(INFORMATION GIVEN):
>>
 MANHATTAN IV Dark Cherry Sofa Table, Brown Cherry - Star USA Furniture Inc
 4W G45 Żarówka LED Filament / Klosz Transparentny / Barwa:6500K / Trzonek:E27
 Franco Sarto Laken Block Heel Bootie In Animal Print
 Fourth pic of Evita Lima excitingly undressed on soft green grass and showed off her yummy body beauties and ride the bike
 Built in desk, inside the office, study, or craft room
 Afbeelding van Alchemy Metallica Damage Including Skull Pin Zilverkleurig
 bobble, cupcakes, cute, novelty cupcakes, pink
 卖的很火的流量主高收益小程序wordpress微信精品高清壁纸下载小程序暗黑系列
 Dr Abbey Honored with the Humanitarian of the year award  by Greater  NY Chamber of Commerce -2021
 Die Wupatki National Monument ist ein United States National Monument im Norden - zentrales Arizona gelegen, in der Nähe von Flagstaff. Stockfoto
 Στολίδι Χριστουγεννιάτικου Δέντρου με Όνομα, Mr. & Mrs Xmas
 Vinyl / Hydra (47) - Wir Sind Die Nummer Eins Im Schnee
<<
>>
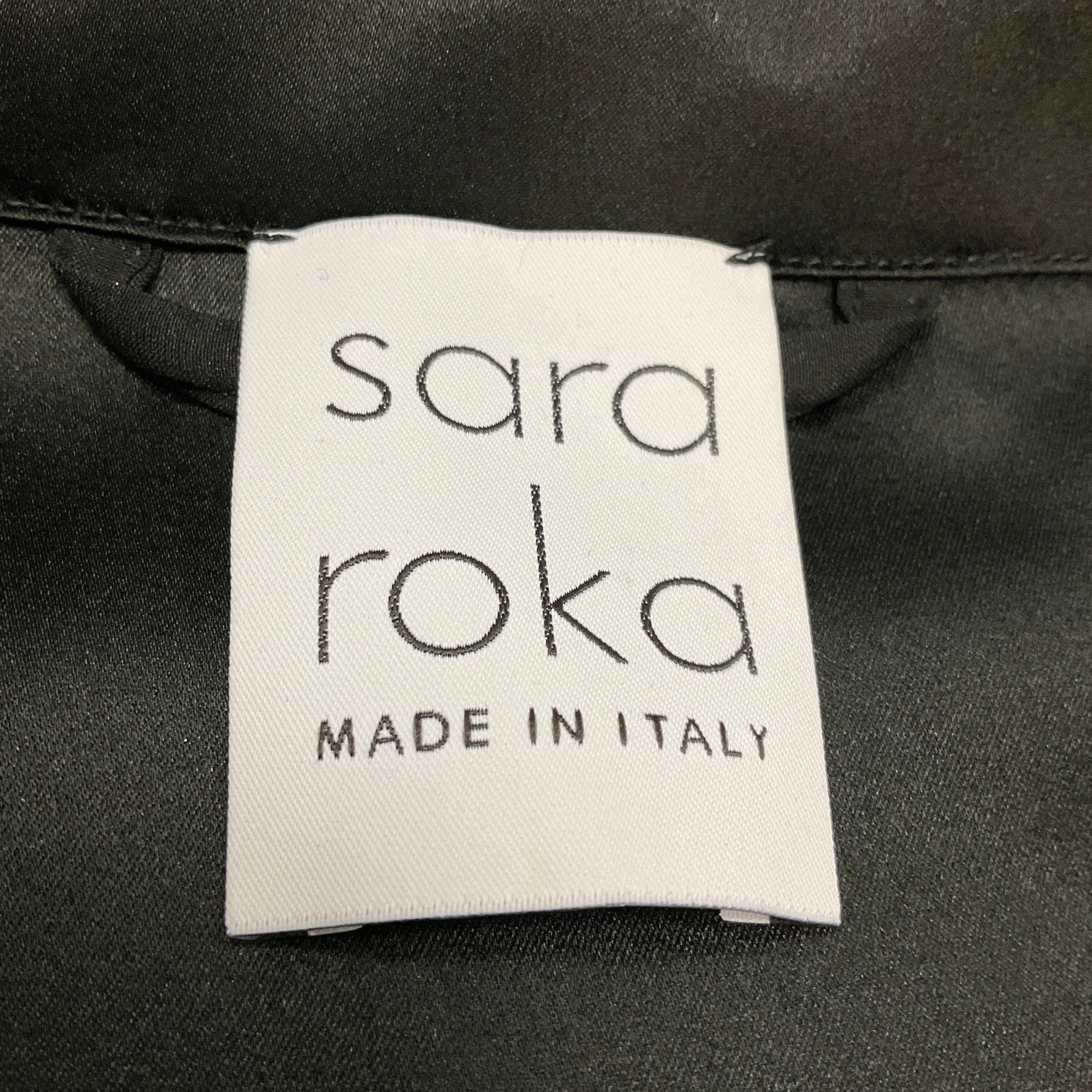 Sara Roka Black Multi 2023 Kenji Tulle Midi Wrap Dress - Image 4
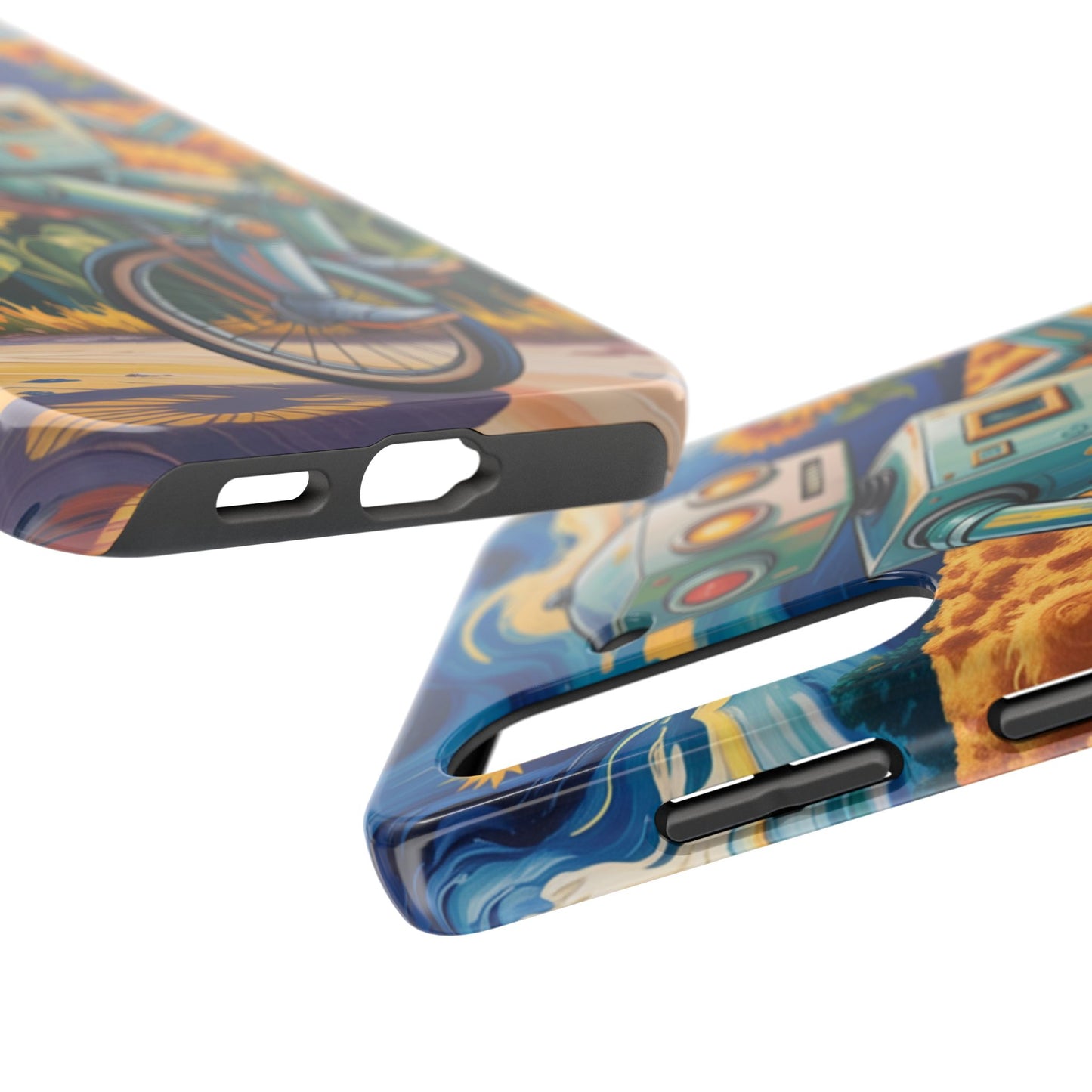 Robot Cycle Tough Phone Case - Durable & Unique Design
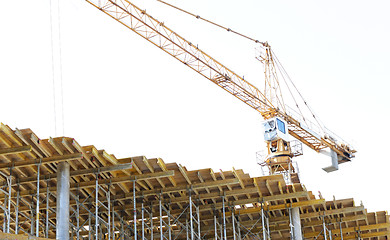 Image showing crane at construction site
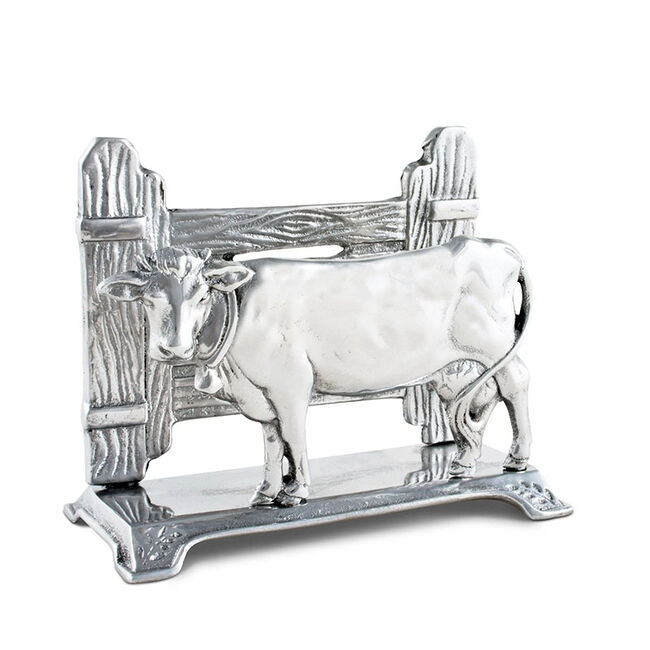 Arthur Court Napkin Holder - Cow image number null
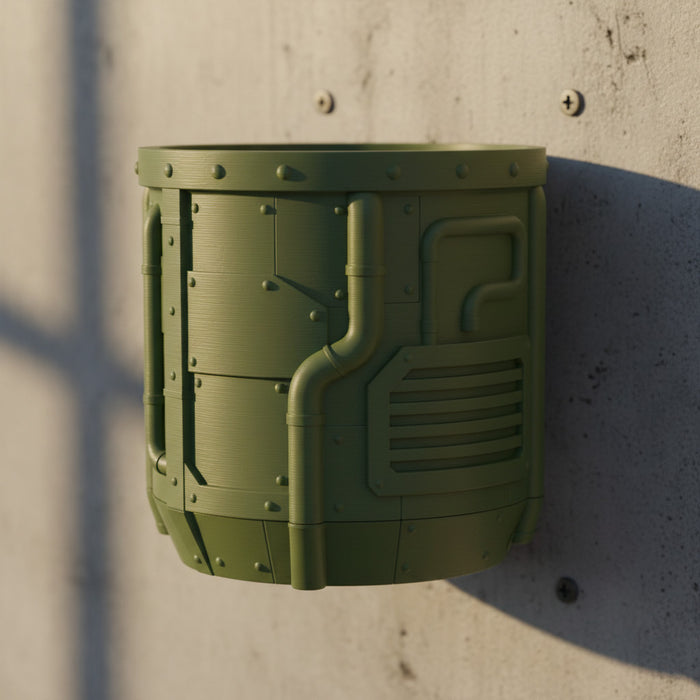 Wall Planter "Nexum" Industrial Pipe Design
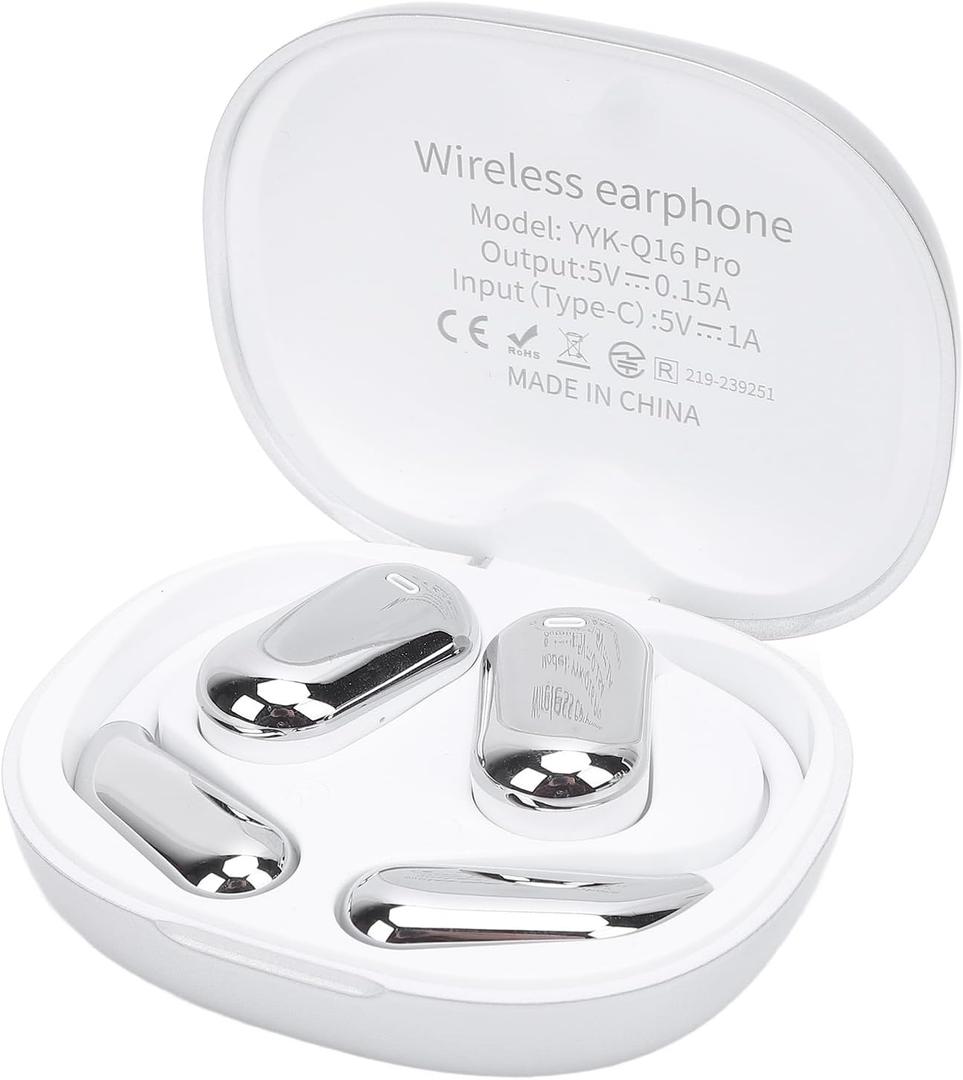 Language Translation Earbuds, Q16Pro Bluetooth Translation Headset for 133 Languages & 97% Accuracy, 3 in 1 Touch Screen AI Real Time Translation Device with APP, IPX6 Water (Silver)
<<
>>
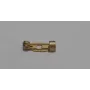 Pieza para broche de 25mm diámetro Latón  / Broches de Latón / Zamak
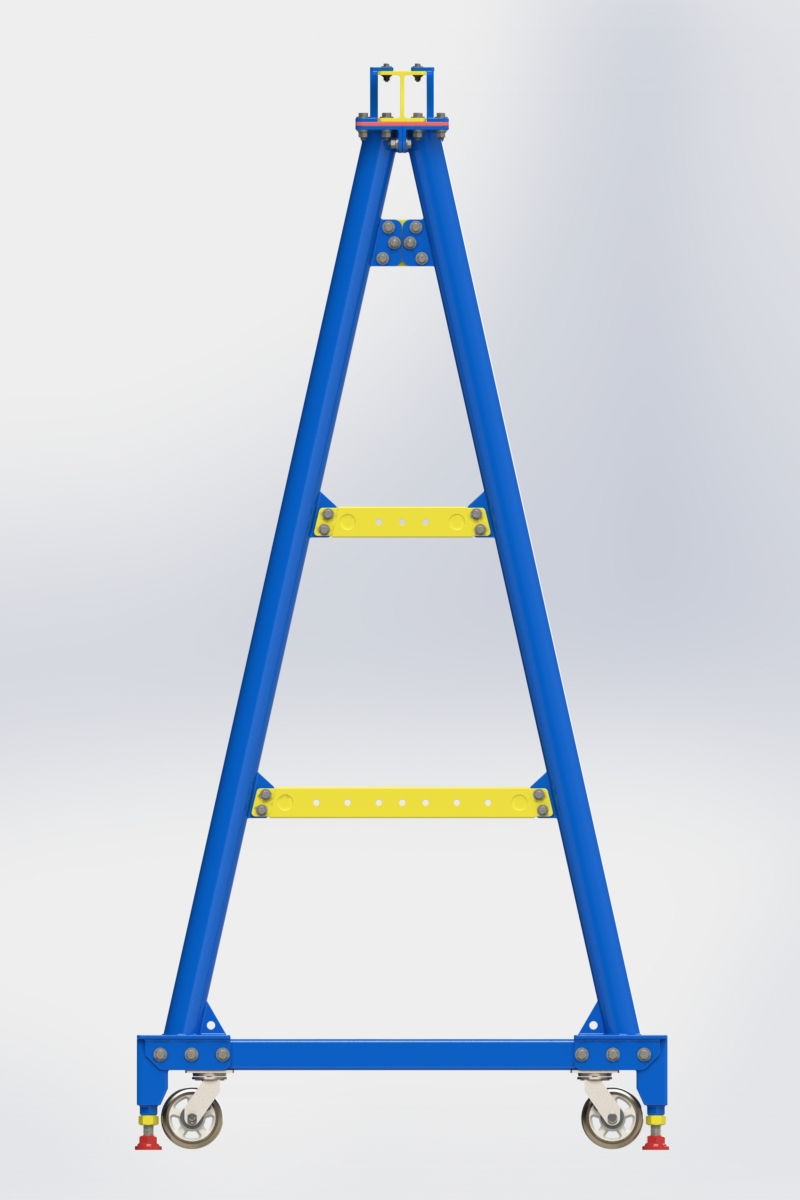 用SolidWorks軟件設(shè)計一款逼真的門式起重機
<<
(WORK ORDER): In the listing above, find the line with "Industrial Pipe Design" and output it and every line after it up to and including the line with "Language Translation Earbuds, Q16Pro", exactly, minus the pictures.

(WRITTEN RESPONSE):
 Wall Planter "Nexum" Industrial Pipe Design
 Language Translation Earbuds, Q16Pro Bluetooth Translation Headset for 133 Languages & 97% Accuracy, 3 in 1 Touch Screen AI Real Time Translation Device with APP, IPX6 Water (Silver)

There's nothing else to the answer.